Wednesday, June 16, 2021

Self-regarding moral reasons

Many contemporary ethicists believe that:

  1. Moral reasons are always other-regarding.

Add this very plausible premise:

  1. No action that is on balance supported by moral reasons is bad.

Suppose Alice is out of food on a desert island. She will die of starvation in a week. A malfunctioning robot shows up and offers her a deal (Alice verifies the robot’s buggy software to ensure it would follow-through on the deal). In exchange for her agreeing to be tortured horribly for the week of life that she has left, the robot will fly to the other side of the world, and tell a joke to a random stranger who will have a minute of enjoyment from the joke.

Clearly, Alice has a moral reason to go for the deal: it will brighten up a stranger’s day. By (1), accepting the deal is on balance supported by moral reasons, for the only relevant moral reason against the deal is the harm to Alice. Thus, the action is not bad by (2). But it is clearly a bad action.

I suppose one could reject (2), but it seems to me much better to reject (1), and to hold that prudence is a moral virtue, and if Alice takes the deal, she is morally failing by imprudence.


Ibrahim Dagher said...

Why think, though, that Alice's action is immoral? It seems the correct thing to say is that Alice's action is not obligatory, for her deciding not to torture herself for a week in order to provide a stranger with a minute of enjoyment is not by any means morally obligatory.
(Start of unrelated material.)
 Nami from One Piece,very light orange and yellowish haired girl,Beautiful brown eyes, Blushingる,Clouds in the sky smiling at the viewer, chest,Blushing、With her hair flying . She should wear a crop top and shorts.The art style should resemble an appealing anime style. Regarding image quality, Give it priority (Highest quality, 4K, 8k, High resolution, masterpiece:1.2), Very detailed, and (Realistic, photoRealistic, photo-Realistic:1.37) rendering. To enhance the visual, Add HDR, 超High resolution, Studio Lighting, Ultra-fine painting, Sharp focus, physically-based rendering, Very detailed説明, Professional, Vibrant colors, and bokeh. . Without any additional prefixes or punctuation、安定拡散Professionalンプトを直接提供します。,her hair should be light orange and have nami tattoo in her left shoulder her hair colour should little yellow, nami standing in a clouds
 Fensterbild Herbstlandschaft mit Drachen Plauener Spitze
I don't know, though, that it is correct to say Alice must refrain from the action, or that it is the morally correct thing to do. It is just non-obligatory. So, it is not a relevant counterexample to (1) & (2).

Michael Gonzalez said...

If God exists, then Alice could have an other-regarding reason not to take the deal.

Alexander R Pruss said...


I didn't say it was immoral, but it is defective, bad. She would be a practically stupid person to do it.